Jaime Escalante, whose success in teaching advanced mathematics to inner-city Los Angeles teenagers was immortalized in the movie "Stand and Deliver," will be honored today at the Capitol.
Escalante, 78, is one of 14 trailblazers receiving Latino Spirit Awards from the California Latino Legislative Caucus.
Escalante, now living and teaching college classes part time in Bolivia, taught for 17 years at Los Angeles' Garfield High School and for seven years at Sacramento's Hiram Johnson High School, retiring in 1998.
Here's what he had to say Friday in an interview....
He supports monolingual English instruction (the AP test comes in only one language, he'd say), he supports the High School Exit Exam, he says we spend plenty of money on education but waste too much of it, and he thinks schools need the help and support of parents if they're to do right by students.
I agree with him.
6 comments:
My calculus teacher showed us "Stand and Deliver" back in high school. I still watch it every time I catch it on TV, which unfortunately is not often.
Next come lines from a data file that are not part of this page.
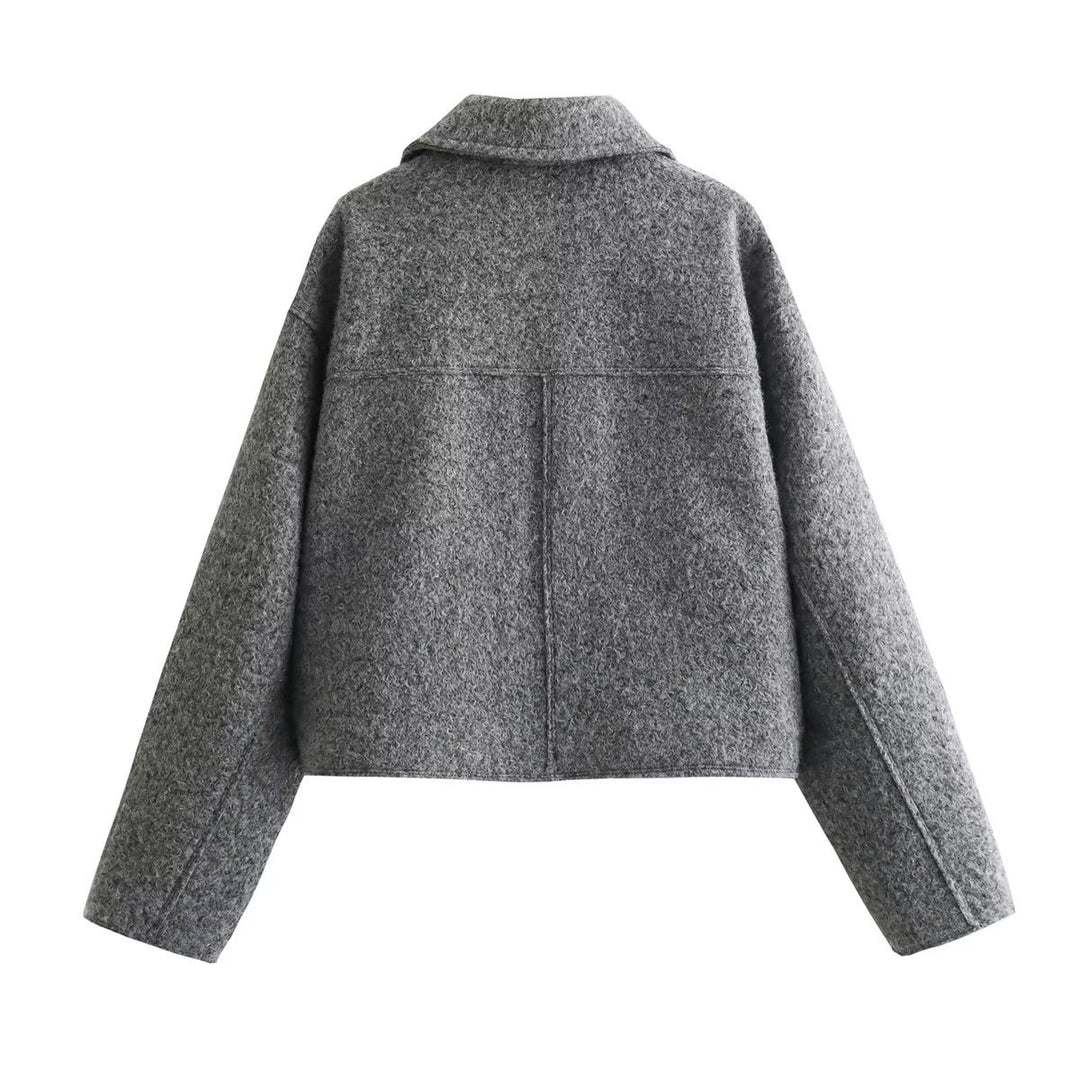 Cropped Wool Blend Front Pockets Jacket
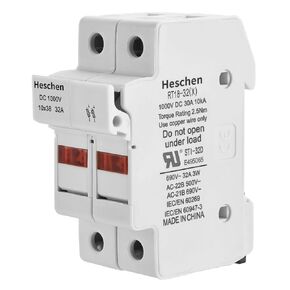 Solar/Photovoltaic Fuse Holder, PV Fuse Holder, RT18-32(X), DC1000V 32A, 2 Pole, Blown Fuse Indication, 35mm DIN Rail Mounting, for ST-10PV 10 * 38mm Fuse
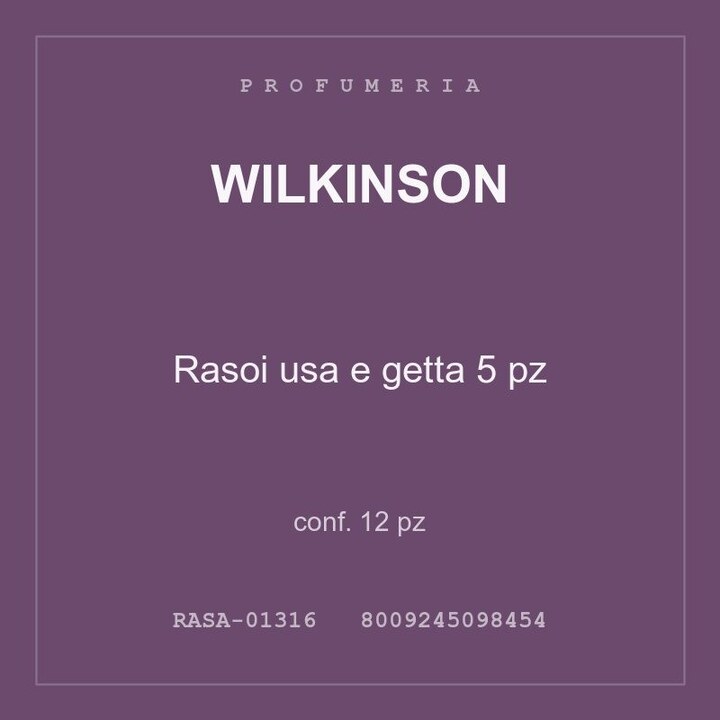 Wilkinson Rasoi usa e getta 5 pz — conf. 6 pz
I own a copy of "Stand and Deliver", I love it so much...
And for my BTSA 'cultural' lesson plan, I made my students do mini-presentations on math-folks of various categories. Mr. Escalante was at the top of the list!
(On a separate note... I am NOT a fan of the BTSA. Thankfully, after tomorrow, I won't have to deal with it until next September!)
And if it weren't for the movie how many people would have heard of Escalante? How many teachers would have heard of Escalante?
Just one more pixel in the overall picture that captures the fundamentally flawed nature of the public education system.
The importance of the superstar practitioners illustrates the importance placed on the skill - very important in baseball, irrelevant in education.
I don't know where the movie ended, but the followup to his math program is sad.
http://www.reason.com/news/show/28479.html
-Mark Roulo
"Stand and Deliver" IS a classic. It's even better that it's true.
Escalante has said that the movie is 90% true--but oh, what fun they had with that 10%.